Gone is Jose Guillen, so look for Alex Gordon or Jeff Francouer or Kila Ka’aihue to get the at bats.  I like Mt. Ka’aihue, a minor league power hitter who has to prove he can be more than a AAAA player.

Down on the Farm:

The Royals are loaded with prospects.  Mike Moustakas we mentioned earlier…  The 2007 1st round draft pick hit .319 with 15 homers in just 225 AAA at bats, after clobbering AA pitchers to the tune of 21 – 76 – .347 in 66 games.  Kila Ka’aihue hit .319 with 24 dingers in 323 at bats, draws walks, too.  Among the pitchers, Greg Holland and Blake Wood showed success at AAA and both made the Royals for the end of the season and can help in the pen.

In AA Northwest Arkansas, every one hits – the team hit .291 in 2010.  The two that make prospect lists are second baseman Johnny Giavotella, who hit .322 with a .395 OBP, and first baseman Eric Hosmer, who got to AA at 20, hit .313 with 13 homers in 50 games (he had hit .354 in A+ Wilmington).  2009 1st round pick Aaron Crow didn’t pitch as well as hoped, but he made a big jump out of college.  His control got the best of him – 59 walks in just 119.1 innings.  The best stats belonged to Everett Teaford, who went 14 – 3, fanning 113 in just 99 innings, and walking only 32.  Danny Duffy made seven solid starts after a promotion, and reliever Louis Coleman gave up 31 hits in 51.2 innings, while striking out 55 and walking just 14.

John Lamb climbed from Burlington through Wilmington (A+) to AA and is just 20.  Lamb is a lefty with great command and in 42 minor league starts, has 230 strikeouts and just 65 walks.  He could be the lefty version of Bret Saberhagen – and the Royals need this to be true.  Wil Myers is a catcher who, in his first full professional season, finished by hitting .315 at two levels with power and a .429 OBP.

2011 Prediction:

The Royals may climb out of the cellar, but not far.  I think the starting pitching can be 20 – 30 runs better than last year even without Greinke coming  back.  Moving Moustakas in at third base will help defensively – this could be 25 runs or more at his position alone.  Lorenzo Cain and Melky Cabrera give the Royals defensive stability – certainly better in left field and possibly centerfield than what was there in 2010.  And, your fourth outfielder, Maier, can cover ground.  So, look for the Royals to drop the runs allowed from 845 to about 780.  And I don’t think Kendall manages a staff very well.

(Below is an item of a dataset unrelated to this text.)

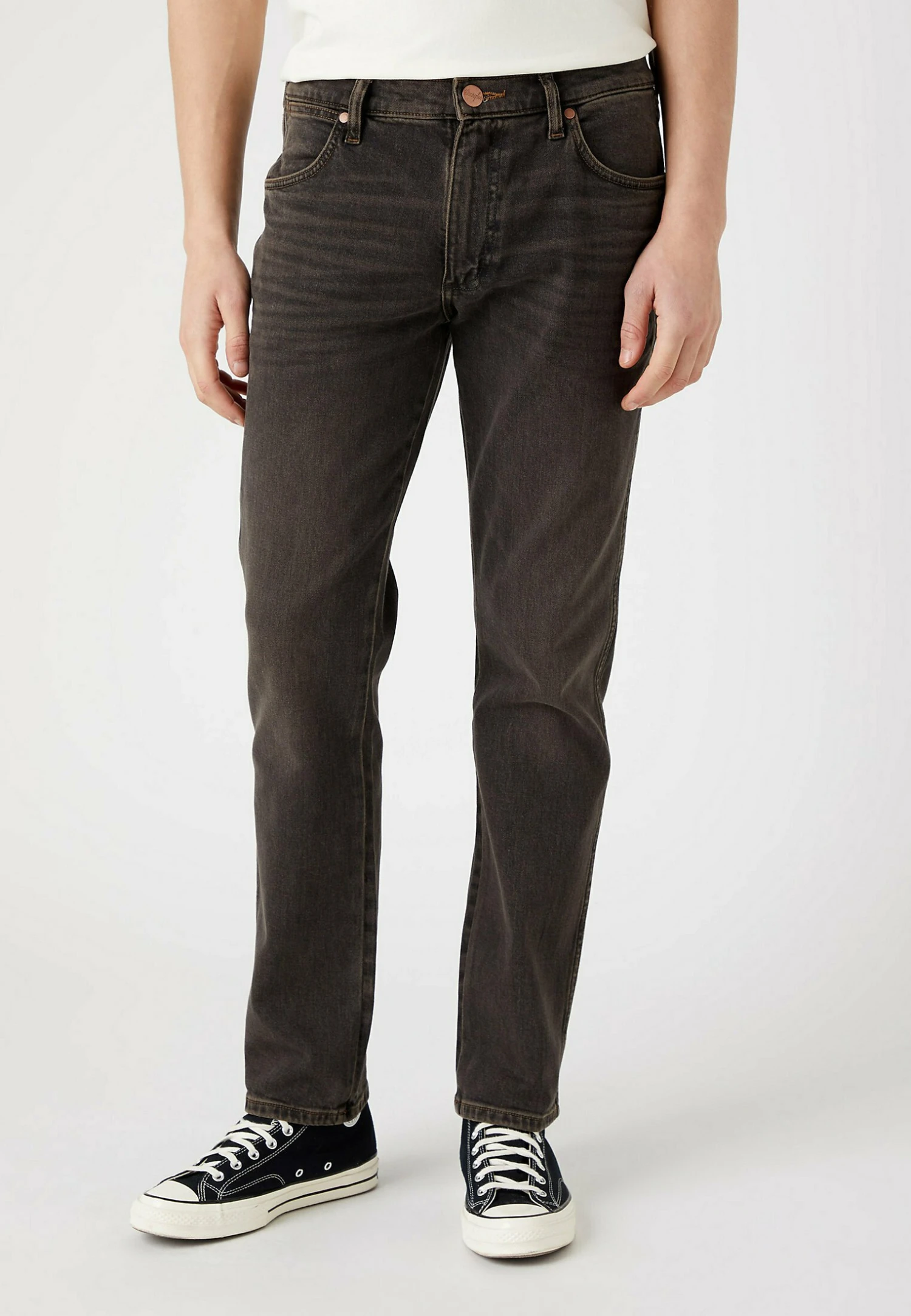 Wrangler Greensboro - Straight Leg Jeans - Black Clay Washed 3 Wrangler Greensboro - Straight Leg Jeans - Black Clay Washed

Offensively, adding Moustakas will be nice, but unless Lorenzo Cain can hit .290 and get on base a lot, there won’t be many runners for Butler and Moustakas to drive in.  That being said, a full season of Mike Aviles would also add a few runs.  But Cain would be hitting like Podsednik, and Francoeur is no different, really, than Jose Guillen.  That means that the offense isn’t likely to climb up that many notches.  Ka’aihue is a wild card.  If he hits .260 with 75 walks and 25 homers as a DH, that would be a lift.  If Moustakas is a rookie of the year candidate, maybe another lift.  Unfortunately, you still have too many outs.  Escobar, Cabrera, and Kendall.  Please let Kendall back up Pena – that could be worth 10 runs.

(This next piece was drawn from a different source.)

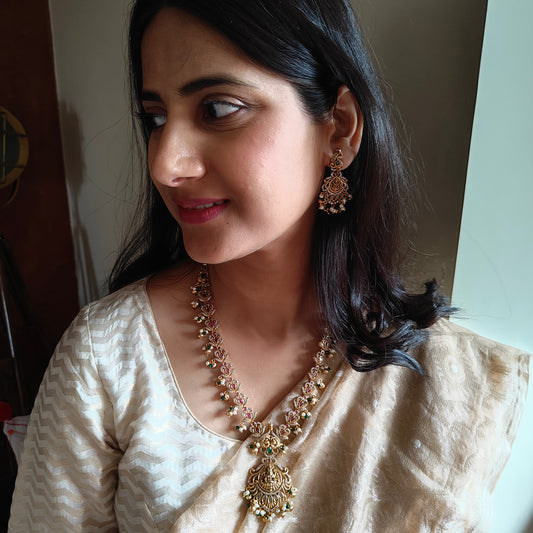 Rishika set with lakshmi pendant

You have an ace-less staff, old catching, with league average fielding and a well-below average offense.  That gets you about 69 wins, and if you are optimistic, maybe 72 wins.  That’s the bad news.  The good news is that the Royals have a deep farm system and by 2013 – especially if the pitching steps up – could be competitive.  Hang in there fans, there is help on the way.